A 4 mile access and 3.3 mile egress of moving water (broken only by random, very light rapids) nets you an exciting quarter-mile drop sequence.
Just 150' after the confluence with Bruno Creek, the start of the Otter Falls sequence is encountered. This opens with a 5' sloping ledge that serves as fair warning that the main drop is just ahead. Otter Falls is an extended low angle bedrock slide, with two steeper ledges of perhaps 5'-6' in close proximity near the start. This slide sequence extends for perhaps 200 yards before tapering off into light rockbed rapids.
Tauriainen Road (shown on maps) comes in (dead ends) very near this location. We are not sure whether part or all of that road may be private or how likely it is to be passable in early season or after heavy rains. If accessable, (and if the area is not all posted against trespass -- unknown to us at this time) it may alow a carry-up, huck, carry-out option as an alternative for seeing/running this falls sequence without doing a shuttle (and without having to run the (nothing-but-low-grade rapids) access and egress portions of this run. Google satellite view also shows a significant powerline clearing and has it marked as a road (though none is specifically visible, so it is likely a utility easement, and/or 4-wheeler/snomobile trail) coming into to river at 5.4 miles from the listed put-in (I.E., about a mile-and-a-quarter after the falls sequence). Absent one of those options working out, you are faced with an even more featureless paddle out of 3.35 miles. If the listed take-out at Donken Tapiola Road (off Hazel Swamp Road) is inaccessible early season, use Horoscope Road (listed on some maps as "Limestone Mountain Road"). This adds another 2 miles of low-gradient paddling (for a total of 9.6 miles from our listed put-in). Fortunately (if this stretch is paddled), while there are no real features apparent, it does appear to move along much better than the 3.35 miles after the falls.

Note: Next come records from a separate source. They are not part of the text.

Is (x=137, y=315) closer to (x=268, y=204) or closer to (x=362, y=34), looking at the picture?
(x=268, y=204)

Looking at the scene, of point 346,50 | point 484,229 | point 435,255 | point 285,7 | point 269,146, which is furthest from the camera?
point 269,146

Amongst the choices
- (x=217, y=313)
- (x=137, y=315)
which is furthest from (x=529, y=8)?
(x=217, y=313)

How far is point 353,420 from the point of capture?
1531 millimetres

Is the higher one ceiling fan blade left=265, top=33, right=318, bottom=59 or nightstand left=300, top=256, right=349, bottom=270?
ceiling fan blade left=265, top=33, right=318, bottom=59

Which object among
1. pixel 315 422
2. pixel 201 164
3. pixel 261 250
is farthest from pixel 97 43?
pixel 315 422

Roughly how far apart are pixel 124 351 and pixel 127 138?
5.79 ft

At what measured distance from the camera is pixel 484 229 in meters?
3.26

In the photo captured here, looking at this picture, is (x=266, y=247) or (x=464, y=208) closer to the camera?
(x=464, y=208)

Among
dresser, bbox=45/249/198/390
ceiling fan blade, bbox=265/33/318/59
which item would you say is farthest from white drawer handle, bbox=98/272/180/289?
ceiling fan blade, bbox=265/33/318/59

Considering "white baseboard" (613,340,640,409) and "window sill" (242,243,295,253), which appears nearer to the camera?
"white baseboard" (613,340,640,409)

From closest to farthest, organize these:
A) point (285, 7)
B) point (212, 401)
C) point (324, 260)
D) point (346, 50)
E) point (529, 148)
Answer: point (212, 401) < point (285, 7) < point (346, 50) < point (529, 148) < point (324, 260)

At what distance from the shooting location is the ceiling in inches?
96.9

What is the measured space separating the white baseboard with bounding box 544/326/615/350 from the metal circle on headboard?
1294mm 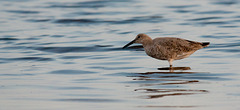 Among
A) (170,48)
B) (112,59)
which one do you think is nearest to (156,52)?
(170,48)

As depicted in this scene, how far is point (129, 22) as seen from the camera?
Answer: 21734 mm

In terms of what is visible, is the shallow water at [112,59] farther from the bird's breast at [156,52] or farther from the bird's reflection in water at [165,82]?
the bird's breast at [156,52]

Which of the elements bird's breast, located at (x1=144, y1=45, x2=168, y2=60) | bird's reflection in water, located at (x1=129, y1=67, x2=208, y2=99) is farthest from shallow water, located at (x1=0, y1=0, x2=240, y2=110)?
bird's breast, located at (x1=144, y1=45, x2=168, y2=60)

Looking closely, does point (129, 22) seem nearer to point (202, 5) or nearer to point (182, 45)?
point (202, 5)

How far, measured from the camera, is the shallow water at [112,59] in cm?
834

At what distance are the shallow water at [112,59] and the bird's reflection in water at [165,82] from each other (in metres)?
0.02

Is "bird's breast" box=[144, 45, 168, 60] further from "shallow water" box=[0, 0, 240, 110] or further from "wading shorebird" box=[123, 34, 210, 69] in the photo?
"shallow water" box=[0, 0, 240, 110]

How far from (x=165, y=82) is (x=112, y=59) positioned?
146 inches

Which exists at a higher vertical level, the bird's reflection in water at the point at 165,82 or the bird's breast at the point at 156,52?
the bird's breast at the point at 156,52

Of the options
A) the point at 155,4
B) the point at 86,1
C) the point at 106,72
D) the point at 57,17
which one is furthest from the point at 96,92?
the point at 86,1

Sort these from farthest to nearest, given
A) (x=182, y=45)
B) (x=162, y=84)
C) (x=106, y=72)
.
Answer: (x=182, y=45)
(x=106, y=72)
(x=162, y=84)

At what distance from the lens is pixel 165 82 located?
9805 mm

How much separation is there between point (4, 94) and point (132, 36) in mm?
9589

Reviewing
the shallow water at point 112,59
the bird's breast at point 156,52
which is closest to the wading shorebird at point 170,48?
the bird's breast at point 156,52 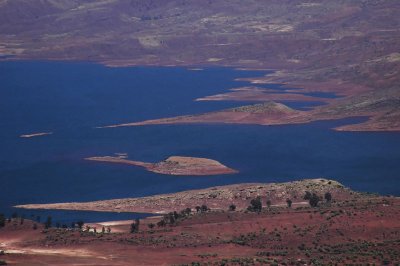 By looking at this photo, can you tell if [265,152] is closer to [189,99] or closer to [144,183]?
[144,183]

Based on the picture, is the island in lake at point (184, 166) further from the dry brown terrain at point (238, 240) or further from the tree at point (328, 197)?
the dry brown terrain at point (238, 240)

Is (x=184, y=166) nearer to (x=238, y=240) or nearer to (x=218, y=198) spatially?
(x=218, y=198)

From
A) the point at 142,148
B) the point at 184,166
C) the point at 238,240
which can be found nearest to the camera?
the point at 238,240

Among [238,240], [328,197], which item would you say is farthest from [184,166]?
[238,240]

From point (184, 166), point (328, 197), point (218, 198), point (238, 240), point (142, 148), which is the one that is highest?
point (238, 240)

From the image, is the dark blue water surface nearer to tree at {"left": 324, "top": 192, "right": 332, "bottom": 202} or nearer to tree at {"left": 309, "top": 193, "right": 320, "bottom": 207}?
tree at {"left": 324, "top": 192, "right": 332, "bottom": 202}

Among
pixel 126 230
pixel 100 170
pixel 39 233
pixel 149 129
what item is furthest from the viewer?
pixel 149 129

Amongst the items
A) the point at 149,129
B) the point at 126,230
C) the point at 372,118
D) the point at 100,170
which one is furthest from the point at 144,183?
the point at 372,118

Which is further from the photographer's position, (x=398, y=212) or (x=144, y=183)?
(x=144, y=183)

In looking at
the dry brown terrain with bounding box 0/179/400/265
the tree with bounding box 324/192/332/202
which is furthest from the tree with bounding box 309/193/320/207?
the tree with bounding box 324/192/332/202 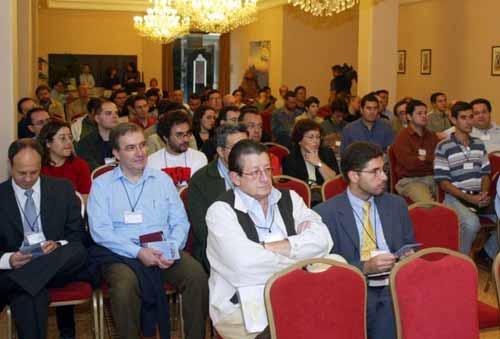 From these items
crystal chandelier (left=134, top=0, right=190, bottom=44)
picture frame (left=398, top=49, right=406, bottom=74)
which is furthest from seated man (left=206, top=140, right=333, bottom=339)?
picture frame (left=398, top=49, right=406, bottom=74)

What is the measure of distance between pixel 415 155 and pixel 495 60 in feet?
19.3

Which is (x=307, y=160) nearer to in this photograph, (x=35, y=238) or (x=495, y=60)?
(x=35, y=238)

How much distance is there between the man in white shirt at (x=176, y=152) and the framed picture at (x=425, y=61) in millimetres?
9266

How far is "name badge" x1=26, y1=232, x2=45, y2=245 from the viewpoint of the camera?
420 cm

A good companion piece to this reach may be the W.Br.Sturgeon, which is located about five miles to the south. The W.Br.Sturgeon is a smaller watershed, so if the Otter is low, it's near certainty the W.Br.Sturgeon will be also.
First apparent (minor) feature.
Again, a short stretch of very low-grade rips. (At least it's a break from the otherwise nothing but flat-and-flowing water).
Perhaps a tripping ledge and wave-train.
Again, nothing to get too excited about . . . just another very small break from the flatwater.
And another. OK, this one may extend a lot longer than the others, but it's otherwise not any more interesting.
Perhaps a single ledge/wave/hole . . . and then . . . you guessed it . . . very minor rips and waves.
OK, here's your best signal that you have nearly arrived! Just 150' downstream lies the sequence you have been waiting for!
(See main description for the details.)
Action dies out at this point, leaving an egress paddle (very similar to the access paddle) of virtually nothing but flat/flowing water and very minor riffles and rips.
Some online mapping shows a 'road' coming in from the SouthEast along these powerlines. It is likely this is merely a dirt single-track. In the event it is passable, this could provide alternate egress, cutting off additional flatwater paddle-out.
An alternate take-out (in the perhaps unlikely event someone runs this, and finds the listed take-out inaccessible). Also site of a USGS sampling site, listing drainage at this point as 53.1 square miles.
* USGS Gauge shown is for parallel watershed and should give a fair indicator of runnabilty.
Min/Max are purely conjecture, and correlation of rivers is not assured.
Visual determination of flow at any of the access points is difficult as the river is fairly wide through the significant gradient. Suffice it to say, for a good run, the river should not appear to be low.
Permits are not required for this reach.
We have no additional detail on this route.